A broader search of fundraising committees connected to organizations bearing Trump’s name uncovered another nine New Haven donors, who didn’t necessarily target their dollars to The Donald. Of those, one contributed to a related joint fundraising committee called “Trump Make America Great Again.” The rest contributed to the Connecticut Republican Party, which is connected to a joint fundraising committee called “Trump Victory.”

For comparison, a search on the FEC database shows 183 people in New Haven contributing to Democratic presidential candidate Hillary Clinton. They made 914 contributions totaling $200,921.

Aliyya Swaby File PhotoThe Clinton donors listed include prominent Yale professors, city officials and community leaders, including John Bradley, CEO of Liberty Community Services, Emily Byrne, of the Housing Authority of New Haven, and Audrey Tyson, who was a Clinton delegate to the Democratic National Convention.

Look through the New Haven and Connecticut Trump and Clinton datasets, downloaded from this section of the FEC site. (Committees must submit a list of contributions that exceed $200, on reports to the FEC, said Julia Queen, FEC public affairs specialist. They are not required to disclose information for a contributor who has given less than $200, unless that contributor’s total sum of donations exceed that number. Some choose to disclose all contributions.)

Reilly, who is 52 years old, lives on Quinnipiac Avenue near the North Haven line. Unlike the local Clinton donors, she doesn’t exactly get high-fives from her neighbors.

She recalled descending the staircase after a rally at Hartford’s Convention Center in April to face hundreds of jeering protesters “screaming profanities” against Trump supporters.

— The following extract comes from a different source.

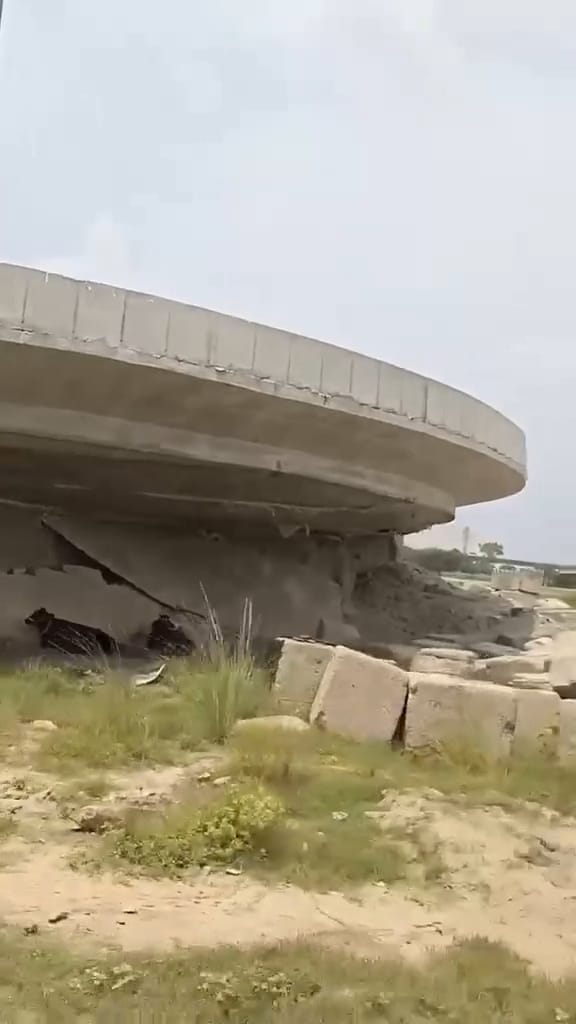 Bihar vaishali Photos soil erosion the Kachchi Dargah Bidupur six-lane bridge approach road have gone viral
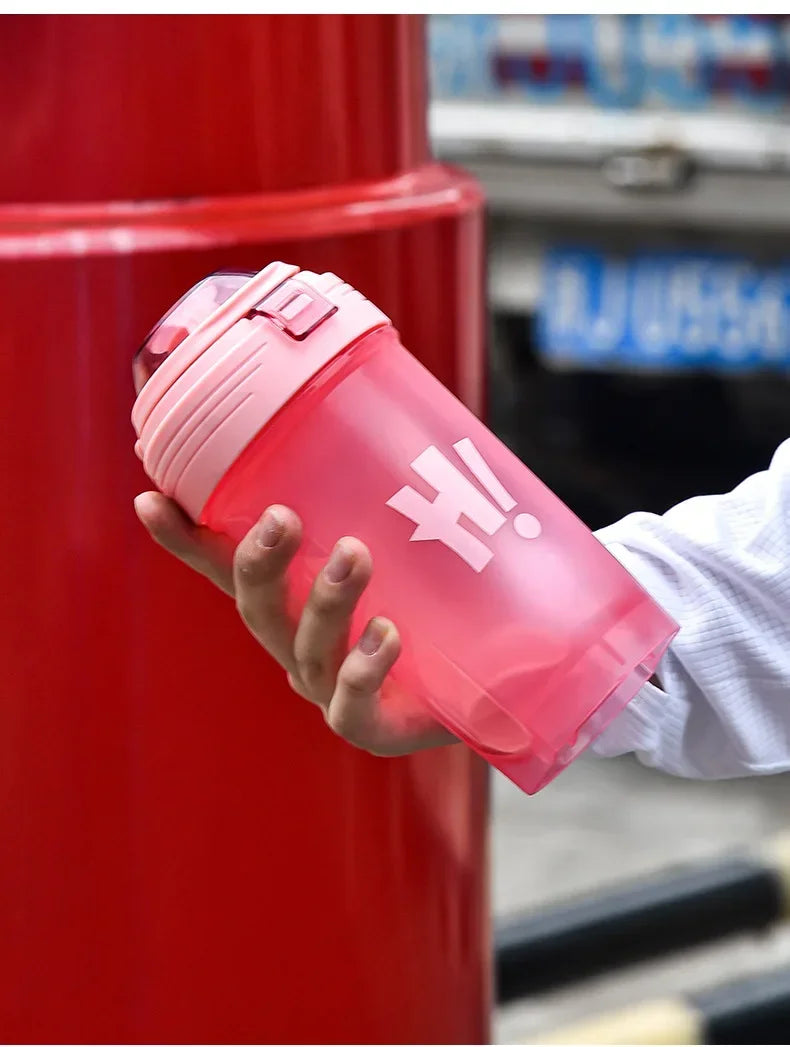 Portable 500ml Protein Powder Shaker Bottle Leak Proof Water Bottle for Gym Fitness Training Sport Shaker Mixing Cup with Scale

That, she said, is one of the difficulties of being a Trump supporter in such a blue city and state. “They say Trump is preaching hate. The only hate I see is directed at me,” she said.

Trump moves forward in this national election followed by a long trail of controversies — including verbal attacks on women, Mexican immigrants, the sitting president and a military family—some of which drew equal-opportunity ire from both Democrats and Republicans.

According to Reilly, New Haven’s Trump supporters are hiding. Accused of being racists and misogynists, they’re in the closet, she said. But everywhere she goes, she meets someone who shares her views.

Reilly said she has also lost friends through her vocal support of Trump in person and on social media. Often, her detractors don’t want to talk through the issues, she said. “Instead it’s just screaming things and cursing. You can’t even have an intellectual discussion with someone that’s just screaming at you. You end up just un-friending them. I’m not going to get abused if you’re not willing to have a conversation to get where our interests are.”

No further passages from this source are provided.